El mundo se ha descompuesto. En todos lados, pero más en esta bella ciudad llamada Saltillo. Poco o nada queda de su clima benigno y de la bonhomía y generosidad de su gente. Saltillo ya no es el mío, el nuestro. Más de un 85 por ciento de sus habitantes son forasteros que vienen por trabajo en la maquila. Cumplen, mandan dinero a sus comunidades de origen, se emborrachan semanalmente, escuchan música ruidosa y nada más.
No estoy en contra de ellos, para nada; todo mundo tenemos derecho a ganarnos la vida donde sea y donde haya pesos disponibles. Pero sus costumbres culturales son brutales en comparación con nosotros, los habitantes del norte ardiente.
Entramos en materia: el calorón nos agobia (olas de calor es su definición hoy) y Saltillo, por su altura sobre el nivel del mar, tenía un clima privilegiado casi todo el año. No más. Ahora el infierno se abate sobre nosotros como en cualquier parte del mundo. ¿Qué hacer? Pues, caray, si la vida azufrosa aprieta en la ventana, nada como refrescarse. ¿Con qué bebidas? Con lo que esté a la mano, pero hay que hacerlo para no morir de sed.

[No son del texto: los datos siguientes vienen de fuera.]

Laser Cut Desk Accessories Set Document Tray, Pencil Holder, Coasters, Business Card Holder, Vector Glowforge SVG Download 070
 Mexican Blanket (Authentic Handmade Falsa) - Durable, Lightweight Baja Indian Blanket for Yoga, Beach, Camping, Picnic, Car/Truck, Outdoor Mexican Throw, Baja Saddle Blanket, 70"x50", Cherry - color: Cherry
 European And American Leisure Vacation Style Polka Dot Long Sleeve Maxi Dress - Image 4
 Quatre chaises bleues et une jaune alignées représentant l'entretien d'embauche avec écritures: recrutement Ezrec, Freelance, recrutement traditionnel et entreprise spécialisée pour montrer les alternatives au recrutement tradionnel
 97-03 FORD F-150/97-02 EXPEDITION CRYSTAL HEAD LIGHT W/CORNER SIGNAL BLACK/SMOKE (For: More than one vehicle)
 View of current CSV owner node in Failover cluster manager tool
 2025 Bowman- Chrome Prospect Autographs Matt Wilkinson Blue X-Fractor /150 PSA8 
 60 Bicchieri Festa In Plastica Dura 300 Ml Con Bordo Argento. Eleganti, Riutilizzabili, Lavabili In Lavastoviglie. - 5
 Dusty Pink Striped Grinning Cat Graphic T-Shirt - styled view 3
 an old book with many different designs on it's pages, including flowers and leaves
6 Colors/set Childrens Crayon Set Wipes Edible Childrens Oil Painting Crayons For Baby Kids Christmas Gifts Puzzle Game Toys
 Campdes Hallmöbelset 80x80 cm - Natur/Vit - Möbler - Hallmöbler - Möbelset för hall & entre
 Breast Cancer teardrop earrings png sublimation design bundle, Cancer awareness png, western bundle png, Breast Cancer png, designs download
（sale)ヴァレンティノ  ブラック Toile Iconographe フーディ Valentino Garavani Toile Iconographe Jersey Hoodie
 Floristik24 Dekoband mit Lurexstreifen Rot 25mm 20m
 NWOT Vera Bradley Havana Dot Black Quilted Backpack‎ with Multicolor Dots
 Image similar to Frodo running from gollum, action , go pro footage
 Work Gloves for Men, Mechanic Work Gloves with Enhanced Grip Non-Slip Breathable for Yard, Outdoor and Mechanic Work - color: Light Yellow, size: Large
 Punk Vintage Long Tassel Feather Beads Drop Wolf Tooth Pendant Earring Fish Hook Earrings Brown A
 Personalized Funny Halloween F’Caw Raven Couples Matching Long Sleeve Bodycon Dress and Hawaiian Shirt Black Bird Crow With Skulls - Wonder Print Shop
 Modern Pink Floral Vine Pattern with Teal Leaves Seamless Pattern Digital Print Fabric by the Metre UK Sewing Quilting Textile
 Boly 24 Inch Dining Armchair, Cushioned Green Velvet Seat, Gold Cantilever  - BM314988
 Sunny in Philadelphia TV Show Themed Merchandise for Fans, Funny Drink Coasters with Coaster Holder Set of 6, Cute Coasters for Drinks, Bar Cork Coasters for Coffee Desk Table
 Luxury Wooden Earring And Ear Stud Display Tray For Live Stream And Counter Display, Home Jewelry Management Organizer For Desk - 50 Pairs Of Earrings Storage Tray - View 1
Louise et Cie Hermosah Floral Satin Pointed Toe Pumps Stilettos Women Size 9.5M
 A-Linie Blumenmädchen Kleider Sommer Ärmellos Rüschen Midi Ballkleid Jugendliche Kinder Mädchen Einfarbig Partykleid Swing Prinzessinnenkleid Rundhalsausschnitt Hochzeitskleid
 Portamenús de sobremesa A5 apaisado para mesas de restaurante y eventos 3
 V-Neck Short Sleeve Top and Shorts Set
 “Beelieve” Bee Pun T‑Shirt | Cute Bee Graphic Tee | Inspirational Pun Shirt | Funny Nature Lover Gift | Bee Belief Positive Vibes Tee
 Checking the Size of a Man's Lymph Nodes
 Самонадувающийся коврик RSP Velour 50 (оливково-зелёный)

Hay que ingerir bebidas de cualquier tipo de pelaje, marca y categoría. Con tal de refrescar nuestro eterno y seco gaznate.
Pero hay que refrescarse con champagne. Es, sin duda, el vino espumoso más célebre del orbe por antonomasia. Nombrarlo es hablar de su denominación de origen, su glamour y su linaje escogido. Forma parte del abecedario de la humanidad y de la literatura. De la música y del cine. Forma parte de eso llamado civilización. Un producto tan refinado, cuidado y deseado que por este y otras creaciones afines la humanidad es lo que es hoy: refinamiento de los sentidos, la apuesta por el hedonismo, no como condena, sino como placer.
Lo he disfrutado en algunas ocasiones de mi vida. ¿Caras o baratas las botellas? Es intrascendente y grosería hablar de precio cuando se puede disfrutar. Se elige el champagne por lo que representa. El champagne es considerado uno de los mejores y grandes placeres que existen y está relacionado, desde su creación, con la celebración y festividad de la “buena vida”.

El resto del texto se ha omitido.